Segundo o Observatório Venezuelano de Segurança, foram registradas 408 manifestações – das quais 205 foram violentas –, 108 assaltos a bens públicos e privados, e 803 detenções. Destes, 74 tinham antecedentes penais.
Os opositores acusam grupos armados chavistas, conhecidos como "coletivos", de dispararem para inibir manifestações. Os chavistas, por outro lado, se defendem afirmando que são grupos paramilitares de direita que atiram contra opositores para responsabilizar o governo e criar pânico na sociedade. As duas versões são debatidas há anos na Venezuela, sem que se chegue a um acordo.
Em entrevista coletiva, na semana passada, Maduro responsabilizou os grupos e partidos opositores pelas mortes violentas no país. “Fizeram protestos noturnos com que objetivo? Por que noturno? Pagaram pessoas para promover a violência nos bairros populares”, afirma o presidente.
Na última semana, opositores queimaram o centro cultural Robert Serra, localizado no bairro La Pastora, a poucos metros do Palácio Presidencial de Miraflores. Vizinhos relatam que pessoas encapuzadas também lançaram bombas caseiras contra o centro cultural.
No dia 21 de janeiro, quando um grupo de militares tentou roubar armas do quartel da Guarda Nacional Bolivariana (GNB), na Unidade Especial de Segurança Waraira Repano, no bairro de Cotiza, grupos opositores foram até a região para protestar. Carros foram incendiados e dezenas de pessoas ficaram feridas.
Nos vídeos divulgados nas redes sociais, foram identificados militantes do partido Vontade Popular, que já haviam participado de protestos violentos em 2017. Entre os militantes, estão Franklin Bucaral, uma mulher cujo nome não foi identificado, mas que é assistente do deputado opositor Gilber Caro, do mesmo partido, e um ativista conhecido como “o poeta do Vontade Popular”.
Entre os dias 21 e 23 de janeiro, opositores realizaram atos noturnos violentos em mais de 60 localidades, em Caracas e no interior, a maioria deles com relatos de feridos e alguns com registros de mortes. O estado venezuelano de Barinas, no centro do país, foi um dos mais violentos, com quatro mortes reportadas.
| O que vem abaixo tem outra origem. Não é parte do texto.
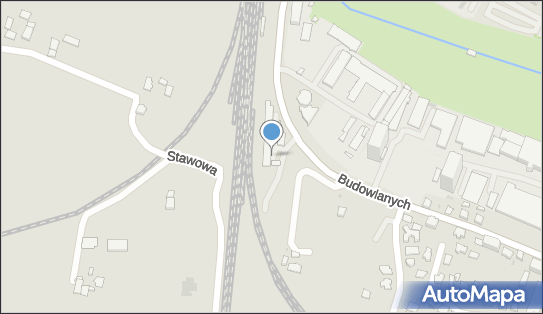 Jerzy Pudełko, Budowlanych 173, Tychy 43-100 - Przedsiębiorstwo, Firma, NIP: 6461135474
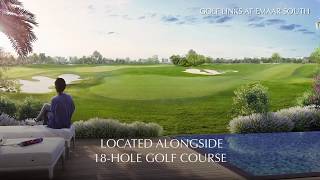 Video of Golf Links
Para esta quarta-feira (29), a oposição convocou um novo protesto. "Onde estiver, saia e proteste", disse o líder da oposição e autodeclarado "presidente interino" Juan Guaidó, no domingo (27). Para o jornalista argentino radicado na Venezuela, Bruno Sgarzini, as convocações de protestos sem lideranças podem "ser ainda mais perigosas". "Essa era a maneira como os opositores, em 2017, convocavam as guarimbas [como são chamadas os atos violentos com fechamento de rua]", afirma Sgarzini, que acompanha os conflitos de rua desde então.